Our individual perceptions create our reality.

I don't know when my perceptions about my father switched my reality toggle to "just mean."  From what I've heard, while he might have been completely onboard with having a baby, actually being around one, particularly when she was crying, was harder for him.  I've been told he sometimes resorted to simply yelling "Stop that!" at me.  At the same time, if it is a picture of me when I am young and I am crying, I am almost always with my mother.  Either way, it was only after my father died that I was removed far enough from the situation to contemplate it (or look thoughtfully at it for a length of time) and consider that perhaps my encounters with my father had been stuck on a treadmill of always experiencing him as I did because that was the only lens through which I could see him.

As I've gotten older, I've noticed how my opinions of what something means seem to age with me and change.  Sometimes they occur as "aha" moments where I think I suddenly understand a meaning that should have been clear to me in the first place.

How about the saying, "it's always in the last place you look for it?"  How many of you experienced that saying for the first time like it was a Murphy's Law for lost things?

"Yeah, why can't things be in the first place you look?"  

In the words of the comedian Billy Connelly, "Of course it is.  Why would you keep looking for it after you've found it?"

Oooops.   A diatribe about the irritations of life reduced to a joke.

How about the saying "only the good die young?"  I have to admit that one mystified me for years.  I'd hear my parents say it after a young person died and I'd think, "Well it is sad.  They had their whole life ahead of them, but why say that person is 'good?'  Does that mean that everybody past a certain age is bad and those deceased young people just didn't live long enough to turn bad?"  It was only after I experienced someone dying, who really wasn't that young, but who everyone seemed to miss on a level of "too soon.  We lost this person too soon" that I had an 'aha' moment of clarity.  At the time, it was liking finding an answer to the secret of life.  I thought that my understanding, which was "only the good die young means that only people who are perceived as good and loved by others are missed in a way where people say, 'it was too soon or he/she was too young," was THE meaning of the saying.  In other words, I had stumbled onto one of my beliefs (aka a firmly held opinion or conviction) and like anyone with a belief, I was absolutely gobsmacked when I proudly presented it to a friend and was met with "well, that's your opinion."

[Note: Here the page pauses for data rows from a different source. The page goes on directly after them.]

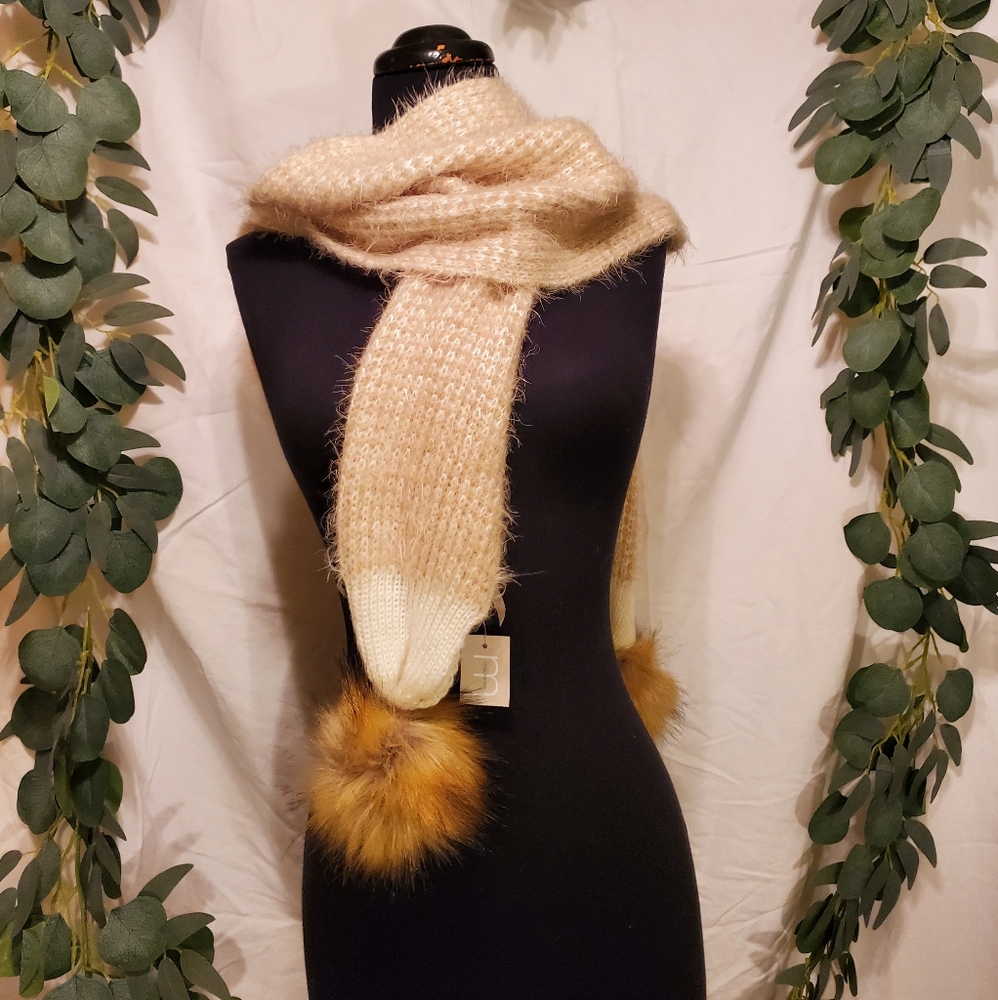 NWT Maurices Super Soft fall scarf pompoms cream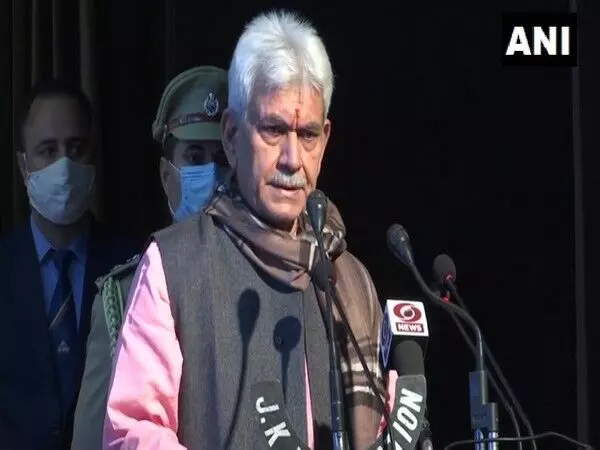 जम्मू कश्मीर के गवर्नर मनोज सिन्हा ने  सीमा  पर शहीद  जवान को श्रद्धांजलि दी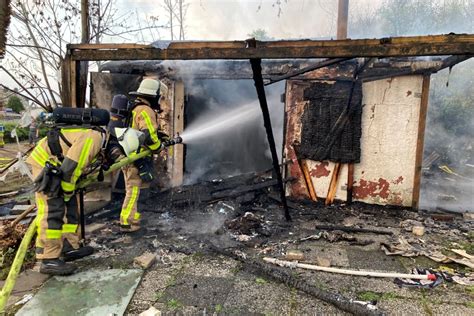 Rauchwolke Ber L Nen Feuer In Einem Gartenhaus An Der Grenzstra E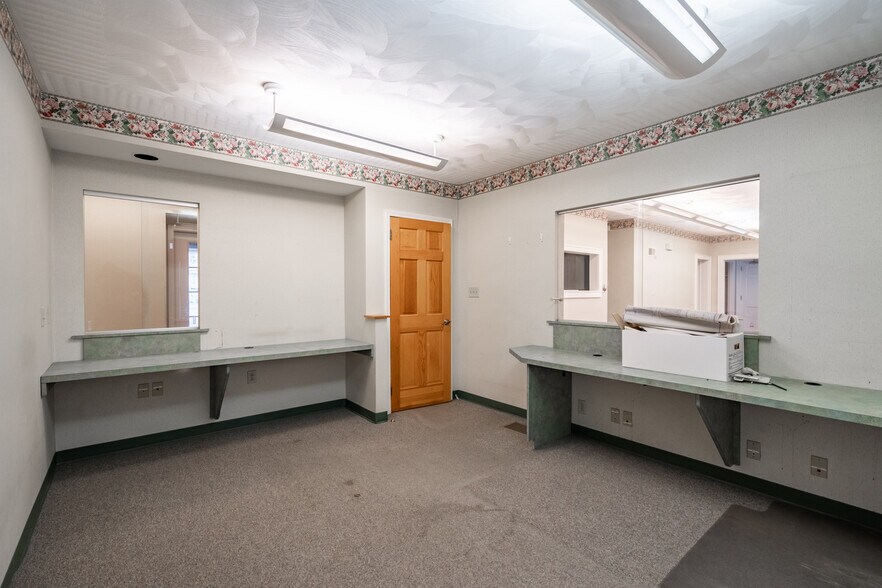 1105 Monroe St, Endicott, NY à louer - Photo du bâtiment - Image 2 de 41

It all comes back to those philosophers, stoners and Descartes.  Whether you are pontificating about your beliefs, contemplating, thinking deeply or simply musing, you perceive the world through your senses.  Other people can report to you about their perceptions, but you will hear what they say through your ears and your mind will filter the details in a way that makes sense to you.

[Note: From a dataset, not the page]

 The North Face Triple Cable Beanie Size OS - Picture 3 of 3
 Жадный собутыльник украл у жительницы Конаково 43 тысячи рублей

It's like an optical illusion.  Have you ever seen the one where you are either looking at a skull or a young woman admiring herself in a dressing mirror?  It's only after viewing it a small amount of time AND knowing there are two images possible that our eyes find the pathway to see the picture we didn't see in the first place.

So consider this.

Every day.  Every minute.  You are witnessing the metaphorical equivalent of skulls or young women admiring themselves in a dressing mirror.  Except there is no one to tell you there is another image possible for you to see.